I get very upset when I see parents leaving their kids wondering about and they walked ahead and unconcerned. This 'It wouldn't happen to me la' attitude was probably the same with the parents of some of the poor victims. A few weeks back, I was at MidValley Megamall walking along the shops on Level G. Suddenly, I saw this very young boy about 3-4 years old walking pass quickly and crying very loudly. No adults were around him or acted as if he was with them. He looked lost. I stopped him and asked if he was lost. He didn't reply and continued to walk. Only then, I noticed ahead more than 20 feet away, a couple looked back embarrassed and waited for the kid to catch up with them. I was quite pissed over the ignorance of this young couple. It only takes a second for an ill intentioned person to pick this boy up and carry him away. Don't they know that? They were so far away. If they want to teach their kid a lesson, go home 1st and don't risk his safety. What were they thinking of!
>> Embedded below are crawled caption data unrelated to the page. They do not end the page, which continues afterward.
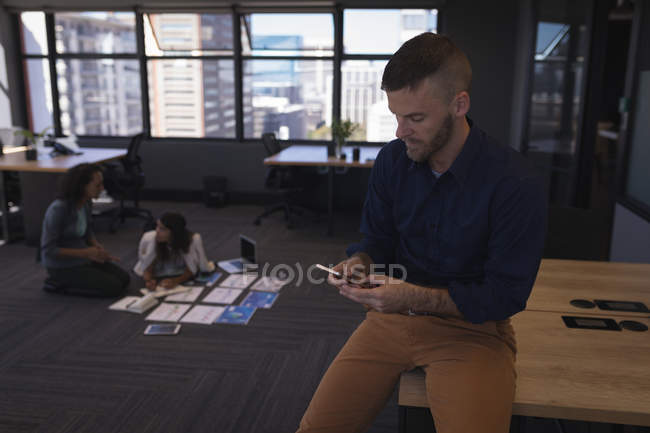 Empresário usando telefone enquanto outros discutem sobre documentos no escritório — Fotografia de Stock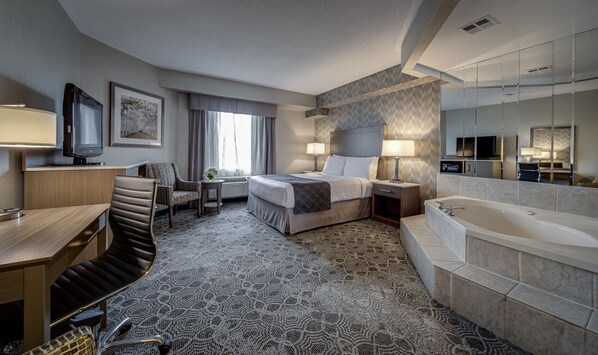 A hotel room with a bed, a desk, a chair, a TV, a lamp, a mirror, and a bathtub.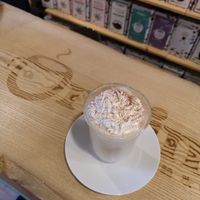 Hazelnut latte with soy whipped cream at Origines Tea And Coffee in Annecy-le-vieux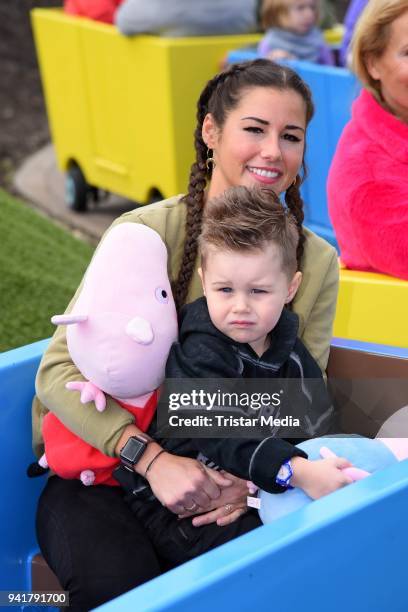 Sarah Lombardi and her son Alessio Lombardi test the new kids area 'Peppa Pig Land 'at Heide Park Resort theme park on April 4, 2018 in Soltau,...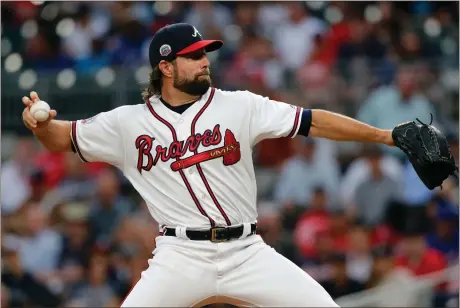  ?? John Bazemore / The Associated Press ?? Atlanta starting pitcher R.A. Dickey delivers during the first inning of Monday’s game against the San Francisco Giants SunTrust Park.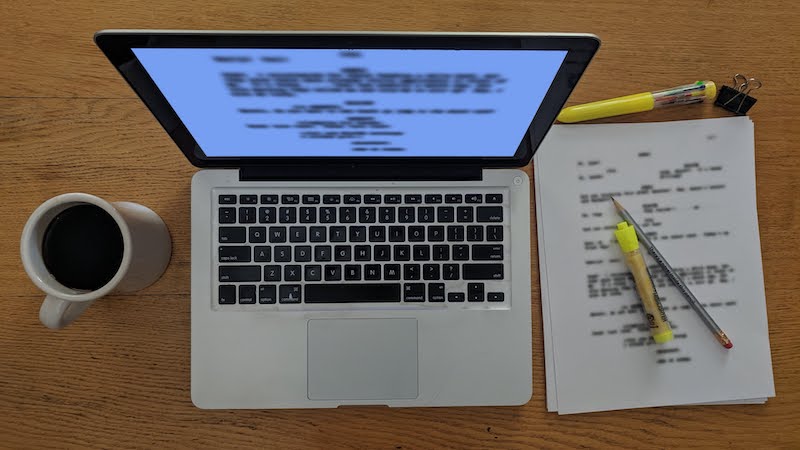 Flat lay photo of coffee cup, MacBook Pro laptop with script onscreen, printout of script, highlighter, pencil, pen, and binder clip by Nic Rosenau.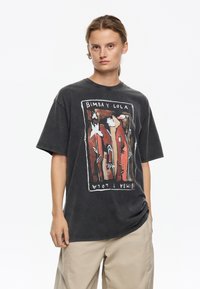 Camiseta de algodón negra de gran tamaño con un diseño gráfico audaz y colorido que presenta elementos florales abstractos y el nombre de la marca "Bimbay Lola."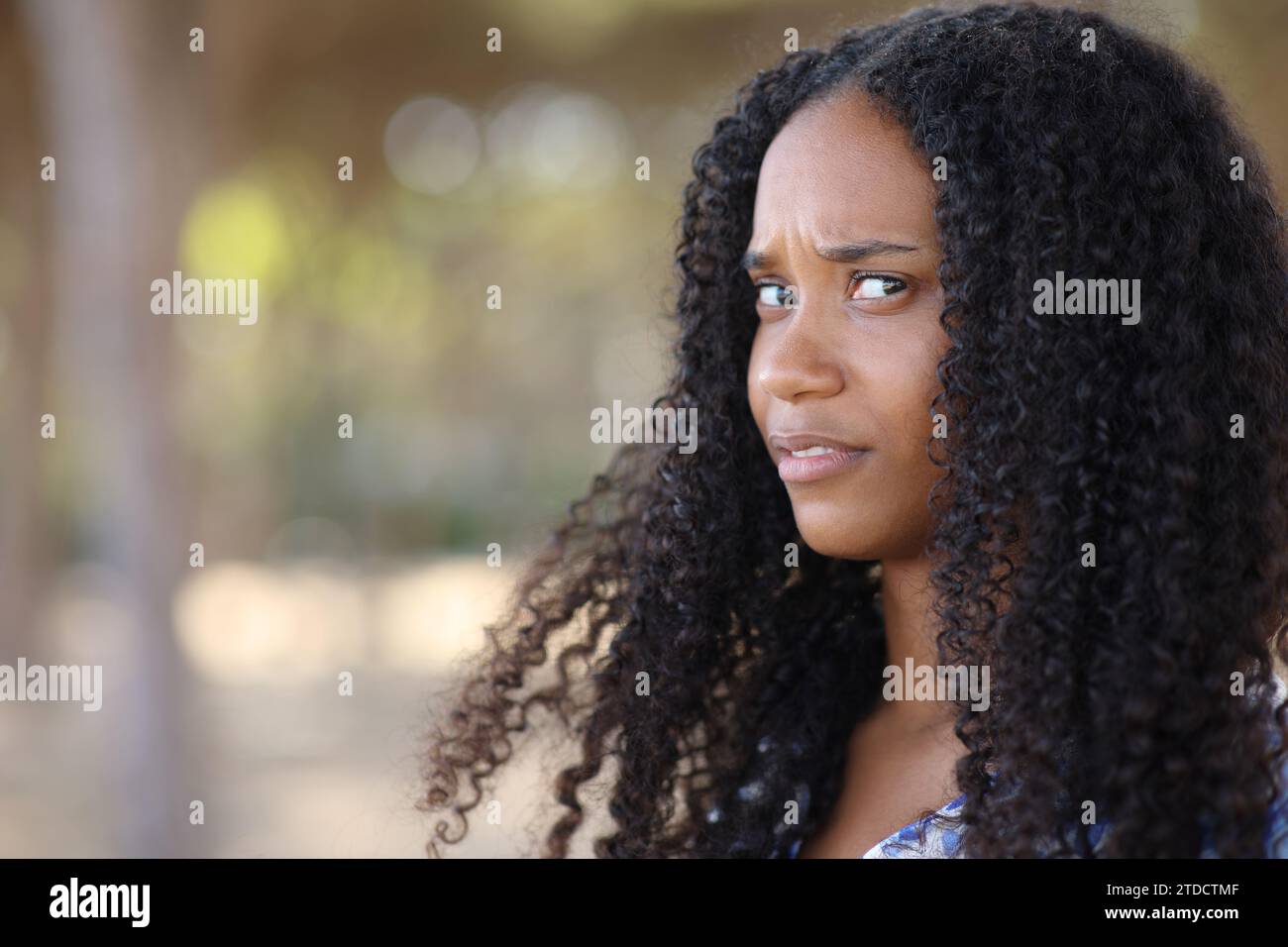 Eine verärgerte schwarze Frau, die in einem Park in die Kamera schaut Stockfoto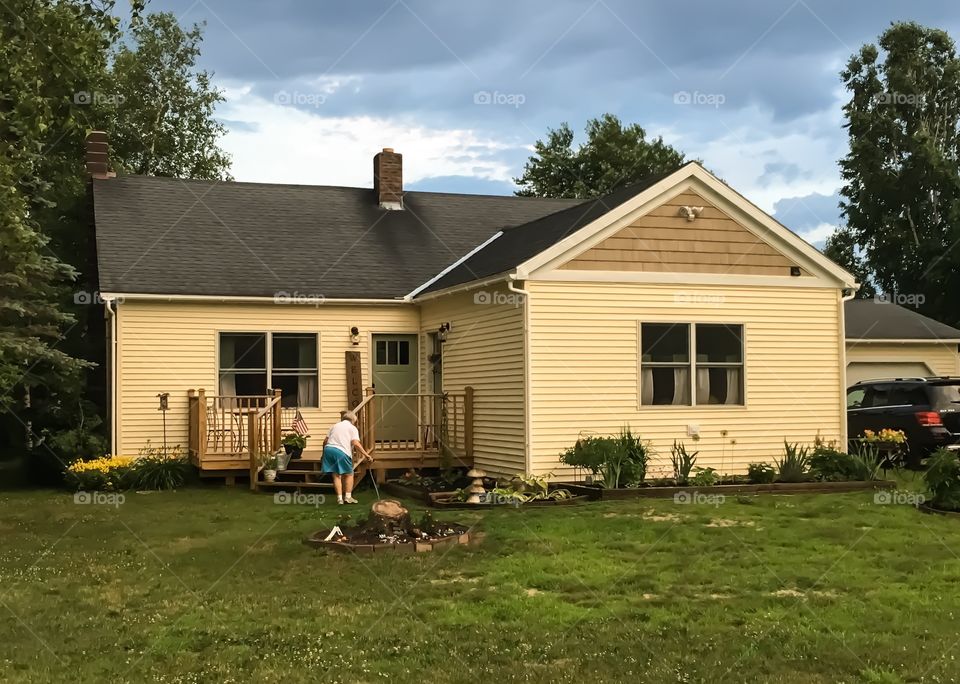 Storm clouds gather over this house in Bakersfield, Vermont.  Woman outside trying to get her yard work done before the rain comes.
You can say I'm paranoid but the world ain't that safe. It is just that some are lucky and some are not. I prefer to play it safe than be sorry. I used to have terrifying nightmare of losing my kids to kidnappers. Once they are lost, they are gone forever - not knowing who to call, our full names and address. Tags on them are good but not sustainable. They are my precious kids and there is no way I can risk them. I'm quite anal about having 1 person to 1 kid when we go out. Hand holding is a must. If not, they can walk alone but the adult must be just next to him. That's only for Ryan and not the 2 younger ones.


I have my boys then memorize Daddy and Mummy's handphone number. I gave an old phone to Ryan to carry when we go out. Still trying to get one for Raymund. Purely for security reasons. It is not a show off to have kids carrying handphone. I taught them how to use it. Had some chats with them on what they must do when they are lost. In fact, Raymund got so excited over it and has been calling me every day at work ever since. I'm ok. It's lovely to hear from my kids while at work. I don't brush them off. As for my girl, she is too young to memorize. She just has to stick very close. And she wears an anklet with little bells on it.

Very soon, I'll have them memorize our address too.

Wednesday, January 12, 2011

Bad Words. No No to Kids

I don't know about you but swear words is quite normal with my peers and colleagues. Not the colourful chinese version but the usual 4-letter ones like s---, f---, damn, stupid. Quite uncontrollable when someone irritates me on the road. My husband and I work and worked in places where people are quite liberal with their language. A form of expression and punctuation. Even stressing opinions a bit. Normal for grown ups BUT no no for kids.

I didn't realize initially that we have to watch our language when kids are around until one day I noticed that they were attentive and absorbing our language. That was when we were driving and then we heard echo of the words behind. Oops. You see when you say a simple something and followed by the likes of s--- or f--- or what the hell, it comes with a very expressive and somewhat exciting sounding. Of course what! That's when we let loose mah. But kids find it interesting and they absorb. Mine did. My Raymund has to be most foul mouthed 4 year old around :(. He is innovative enough to combine 2 like words and form things like 'stupid shit'. Nothing to be proud about but coming from a little fella, it is actually very amusing but as parents, we are trying not to show. Yep we are bad parents :(

I told Ryan that he cannot say bad words. Why? Mummy and Daddy also say what! Erm... I had a brilliant idea then. I just said children cannot say. You are only 4 years old (then!) and you can say when you turn 21 ... haha! I buy a good 16 years. That got him settled.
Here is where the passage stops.